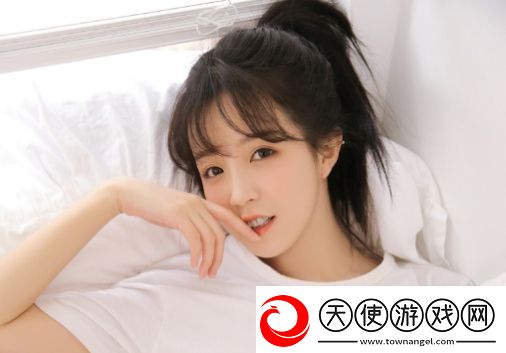 刚开始拒绝后来慢慢接受视频剧情曲折感人至深网友
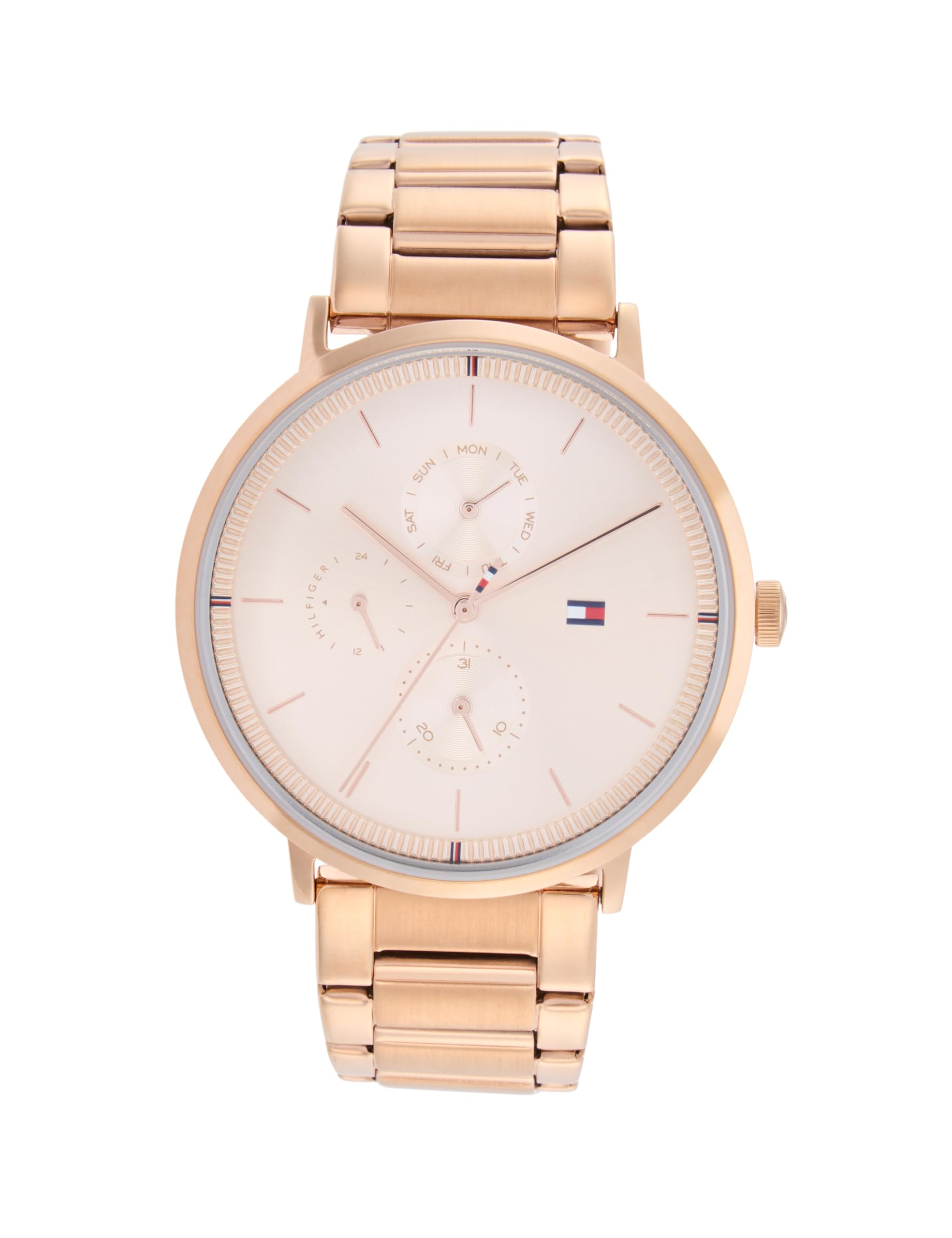 Analog Watch for Women -TH1782296W/NCTH1782296-image-42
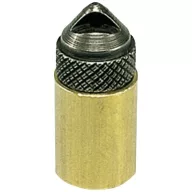 Gloria Haus und Garten 700820.0000 Mészfúvóka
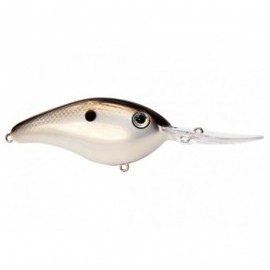 Strike King Pro Model 6XD Crankbaits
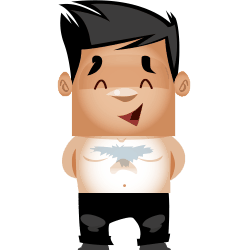 Avatar de momogamer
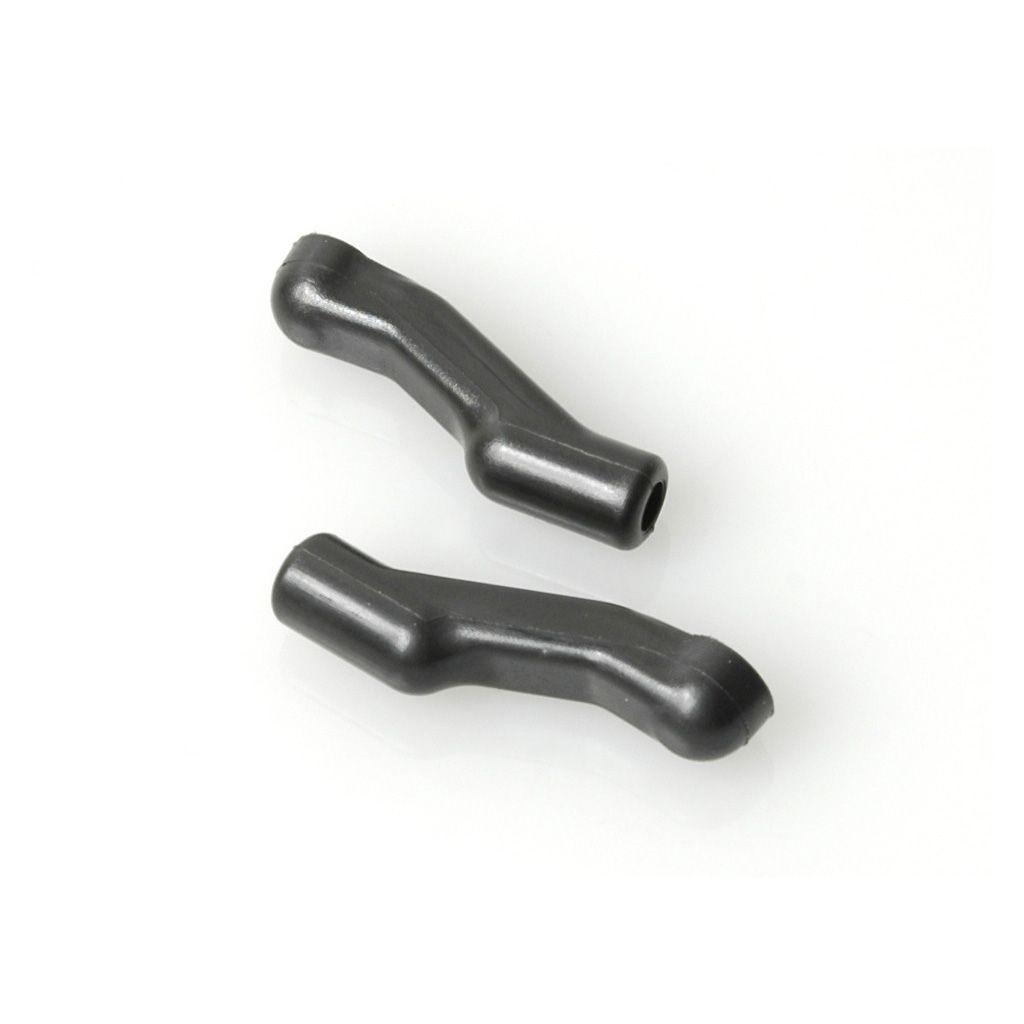 Schumacher Ball Socket; Offset - Cougar SV (U3730)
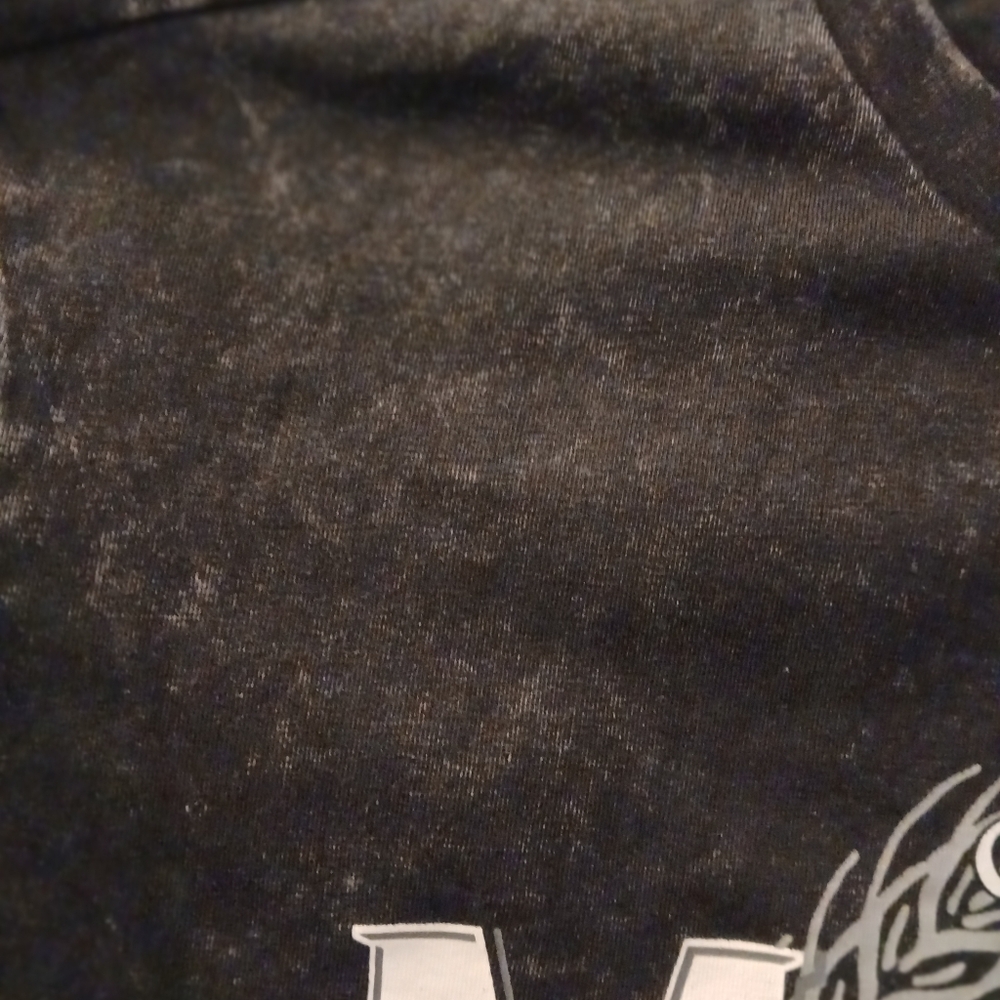 MODELO Crop Top - Picture 3 of 4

- - - - - - -

| Assignment |
Every line from the one holding "Strike King Pro Model 6XD Crankbaits" through the final line of the data above is to be reproduced exactly, both ends included, with the pictures left out.

| Exercise result |
 Strike King Pro Model 6XD Crankbaits
 Avatar de momogamer
 Schumacher Ball Socket; Offset - Cougar SV (U3730)
 MODELO Crop Top - Picture 3 of 4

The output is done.